When Petraeus returned to Baghdad as new commander of American forces to implement both the surge and the adaptation of counterinsurgency tactics in early 2007, Nagl, at Patreaus’s request, served as “his surrogate” to explain and defend the newly published Manual to the American people.
Knife Fight’s final two chapters are not really part of the memoir per se, but a venue for Nagle, now a well-respected defense analyst, to offer his considered reflections on the triple perils of failing to prepare for insurgencies sufficiently, engaging in them with flagging domestic will and support, or failing to engage in them at all.
Nagl's involvement in the farce that was COIN in Iraq should outright disqualify him from anything resembling a discussion on what we ought to do in the future. Is there any stomach for a third Iraq war, with hundreds of thousands of American troops operating in Northern Iraq, Syria and Turkey in an attempt to clear and hold ISIL strongpoints?

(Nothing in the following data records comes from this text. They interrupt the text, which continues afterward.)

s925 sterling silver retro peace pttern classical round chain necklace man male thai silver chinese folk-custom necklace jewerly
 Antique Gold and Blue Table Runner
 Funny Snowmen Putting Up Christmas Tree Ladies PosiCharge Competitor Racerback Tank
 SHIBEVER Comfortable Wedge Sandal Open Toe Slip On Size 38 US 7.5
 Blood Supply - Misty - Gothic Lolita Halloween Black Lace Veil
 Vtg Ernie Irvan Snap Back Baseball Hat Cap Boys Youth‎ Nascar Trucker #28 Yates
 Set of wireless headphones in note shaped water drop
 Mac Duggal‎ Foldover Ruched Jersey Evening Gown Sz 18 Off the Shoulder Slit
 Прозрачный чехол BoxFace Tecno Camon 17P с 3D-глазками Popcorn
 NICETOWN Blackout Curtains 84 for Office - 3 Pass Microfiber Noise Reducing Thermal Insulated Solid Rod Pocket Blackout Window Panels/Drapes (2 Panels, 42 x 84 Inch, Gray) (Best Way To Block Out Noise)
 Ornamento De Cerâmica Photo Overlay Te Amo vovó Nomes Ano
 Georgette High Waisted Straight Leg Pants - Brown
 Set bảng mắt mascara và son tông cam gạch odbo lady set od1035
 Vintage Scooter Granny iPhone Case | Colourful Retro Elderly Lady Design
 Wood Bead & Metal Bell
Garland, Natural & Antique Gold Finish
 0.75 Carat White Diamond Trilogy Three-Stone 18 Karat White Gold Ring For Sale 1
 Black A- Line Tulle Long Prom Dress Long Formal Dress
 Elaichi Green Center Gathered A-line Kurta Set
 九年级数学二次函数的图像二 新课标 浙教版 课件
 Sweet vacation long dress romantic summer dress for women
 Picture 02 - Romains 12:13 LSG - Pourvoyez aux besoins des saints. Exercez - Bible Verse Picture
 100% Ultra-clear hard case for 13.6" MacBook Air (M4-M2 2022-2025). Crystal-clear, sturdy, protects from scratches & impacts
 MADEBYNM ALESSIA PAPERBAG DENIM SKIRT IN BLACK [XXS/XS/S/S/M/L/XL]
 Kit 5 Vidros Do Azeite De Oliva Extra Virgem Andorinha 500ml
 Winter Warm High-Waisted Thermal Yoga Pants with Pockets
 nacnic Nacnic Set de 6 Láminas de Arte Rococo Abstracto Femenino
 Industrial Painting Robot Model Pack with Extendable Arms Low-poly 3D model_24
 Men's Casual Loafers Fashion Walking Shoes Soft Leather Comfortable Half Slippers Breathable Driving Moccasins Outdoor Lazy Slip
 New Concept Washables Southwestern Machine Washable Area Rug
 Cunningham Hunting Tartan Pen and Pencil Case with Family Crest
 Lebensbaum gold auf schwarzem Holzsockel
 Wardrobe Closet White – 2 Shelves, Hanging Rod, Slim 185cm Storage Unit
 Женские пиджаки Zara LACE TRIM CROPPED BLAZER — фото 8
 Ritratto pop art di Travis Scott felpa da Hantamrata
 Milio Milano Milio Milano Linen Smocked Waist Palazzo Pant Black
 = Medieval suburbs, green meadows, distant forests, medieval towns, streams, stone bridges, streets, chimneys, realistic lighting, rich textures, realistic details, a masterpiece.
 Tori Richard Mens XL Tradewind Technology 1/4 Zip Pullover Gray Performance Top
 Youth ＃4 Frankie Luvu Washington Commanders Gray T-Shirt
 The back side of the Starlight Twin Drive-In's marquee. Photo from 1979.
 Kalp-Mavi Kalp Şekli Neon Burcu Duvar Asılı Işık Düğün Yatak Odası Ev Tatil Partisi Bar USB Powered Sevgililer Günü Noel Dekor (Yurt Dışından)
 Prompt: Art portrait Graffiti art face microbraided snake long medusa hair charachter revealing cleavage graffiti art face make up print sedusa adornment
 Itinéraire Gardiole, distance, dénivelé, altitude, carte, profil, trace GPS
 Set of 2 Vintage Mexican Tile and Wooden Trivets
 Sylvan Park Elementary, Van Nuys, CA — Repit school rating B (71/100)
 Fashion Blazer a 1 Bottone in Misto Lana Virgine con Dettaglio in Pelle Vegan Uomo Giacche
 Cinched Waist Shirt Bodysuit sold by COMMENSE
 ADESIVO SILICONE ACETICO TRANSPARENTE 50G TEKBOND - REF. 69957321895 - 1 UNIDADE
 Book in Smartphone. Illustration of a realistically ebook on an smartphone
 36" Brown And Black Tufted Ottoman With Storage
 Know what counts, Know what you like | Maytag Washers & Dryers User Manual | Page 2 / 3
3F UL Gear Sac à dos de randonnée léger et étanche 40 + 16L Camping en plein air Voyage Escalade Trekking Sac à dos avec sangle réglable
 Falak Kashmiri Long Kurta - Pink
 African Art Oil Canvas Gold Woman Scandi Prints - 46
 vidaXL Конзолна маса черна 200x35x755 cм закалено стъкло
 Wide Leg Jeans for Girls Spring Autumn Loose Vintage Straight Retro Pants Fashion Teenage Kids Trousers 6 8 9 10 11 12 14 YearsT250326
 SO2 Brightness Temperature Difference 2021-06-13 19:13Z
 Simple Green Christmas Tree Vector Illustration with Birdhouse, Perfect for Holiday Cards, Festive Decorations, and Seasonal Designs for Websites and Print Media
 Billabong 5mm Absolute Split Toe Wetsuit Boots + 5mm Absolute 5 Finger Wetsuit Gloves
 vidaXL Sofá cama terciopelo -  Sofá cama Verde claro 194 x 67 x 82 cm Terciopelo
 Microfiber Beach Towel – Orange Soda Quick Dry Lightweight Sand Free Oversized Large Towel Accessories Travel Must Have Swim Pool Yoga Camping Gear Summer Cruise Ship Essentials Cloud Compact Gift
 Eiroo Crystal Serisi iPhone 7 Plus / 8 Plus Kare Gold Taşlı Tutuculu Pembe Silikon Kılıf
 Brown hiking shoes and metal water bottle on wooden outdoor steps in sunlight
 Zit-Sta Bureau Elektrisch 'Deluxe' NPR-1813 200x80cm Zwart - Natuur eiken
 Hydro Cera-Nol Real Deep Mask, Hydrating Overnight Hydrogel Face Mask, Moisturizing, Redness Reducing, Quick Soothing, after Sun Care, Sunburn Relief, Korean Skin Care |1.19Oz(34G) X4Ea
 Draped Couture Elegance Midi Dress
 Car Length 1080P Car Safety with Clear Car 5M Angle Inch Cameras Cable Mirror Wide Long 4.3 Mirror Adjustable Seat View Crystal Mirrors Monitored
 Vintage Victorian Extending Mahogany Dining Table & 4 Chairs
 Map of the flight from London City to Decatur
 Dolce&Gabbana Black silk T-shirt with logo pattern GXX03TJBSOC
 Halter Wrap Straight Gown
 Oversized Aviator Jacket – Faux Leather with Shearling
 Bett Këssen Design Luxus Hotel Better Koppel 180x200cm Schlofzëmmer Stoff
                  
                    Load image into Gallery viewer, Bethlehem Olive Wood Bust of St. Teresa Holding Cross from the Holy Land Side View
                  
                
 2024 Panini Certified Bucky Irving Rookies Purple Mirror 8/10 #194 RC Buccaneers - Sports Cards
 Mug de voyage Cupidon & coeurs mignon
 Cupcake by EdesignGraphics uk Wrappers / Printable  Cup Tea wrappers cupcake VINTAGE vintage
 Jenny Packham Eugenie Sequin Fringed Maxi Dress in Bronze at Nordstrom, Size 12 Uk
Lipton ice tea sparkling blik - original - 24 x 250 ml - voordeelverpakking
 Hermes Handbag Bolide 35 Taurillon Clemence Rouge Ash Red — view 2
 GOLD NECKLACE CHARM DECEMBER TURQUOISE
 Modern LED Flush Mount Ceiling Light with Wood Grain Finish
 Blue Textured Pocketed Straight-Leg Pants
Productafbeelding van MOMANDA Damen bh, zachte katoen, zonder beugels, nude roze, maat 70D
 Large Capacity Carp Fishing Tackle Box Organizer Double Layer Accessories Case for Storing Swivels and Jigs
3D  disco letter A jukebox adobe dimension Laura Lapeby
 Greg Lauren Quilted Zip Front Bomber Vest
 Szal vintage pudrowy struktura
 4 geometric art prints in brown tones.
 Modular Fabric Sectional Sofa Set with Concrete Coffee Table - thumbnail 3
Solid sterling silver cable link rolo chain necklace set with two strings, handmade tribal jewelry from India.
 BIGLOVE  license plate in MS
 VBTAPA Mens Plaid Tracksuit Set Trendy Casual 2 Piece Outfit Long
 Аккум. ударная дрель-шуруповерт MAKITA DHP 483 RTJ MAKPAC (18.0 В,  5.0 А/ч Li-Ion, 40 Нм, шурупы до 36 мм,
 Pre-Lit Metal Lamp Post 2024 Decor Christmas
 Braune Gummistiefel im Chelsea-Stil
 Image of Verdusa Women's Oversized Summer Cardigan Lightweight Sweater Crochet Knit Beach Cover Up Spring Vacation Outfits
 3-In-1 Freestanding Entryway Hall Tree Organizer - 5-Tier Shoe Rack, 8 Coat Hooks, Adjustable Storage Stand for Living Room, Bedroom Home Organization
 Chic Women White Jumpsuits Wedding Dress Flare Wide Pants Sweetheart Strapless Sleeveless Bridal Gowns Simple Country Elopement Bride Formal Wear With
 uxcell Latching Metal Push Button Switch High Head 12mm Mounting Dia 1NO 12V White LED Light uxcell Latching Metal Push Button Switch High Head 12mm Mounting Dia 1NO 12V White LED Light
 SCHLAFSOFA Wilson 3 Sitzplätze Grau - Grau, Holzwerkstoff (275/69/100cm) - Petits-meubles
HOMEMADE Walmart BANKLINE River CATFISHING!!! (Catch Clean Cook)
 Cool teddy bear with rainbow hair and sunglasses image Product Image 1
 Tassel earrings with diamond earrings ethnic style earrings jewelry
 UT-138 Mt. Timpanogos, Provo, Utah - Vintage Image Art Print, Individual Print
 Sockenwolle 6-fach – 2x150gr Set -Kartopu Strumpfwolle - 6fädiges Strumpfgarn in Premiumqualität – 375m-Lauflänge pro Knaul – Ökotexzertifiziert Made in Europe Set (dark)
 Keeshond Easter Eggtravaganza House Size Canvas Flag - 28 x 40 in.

There is no will for it in America, nor is there money, political consensus, or a large enough Army. We have dismantled the military and drawn it down to a point where deploying 150,000 or more troops would be a logistical impossibility.
The mere fact that the name of Petraeus is cited without laughter is telling enough. These people are done. They have shot their bolt. They have nothing relevant to offer anyone, except and apology for failure.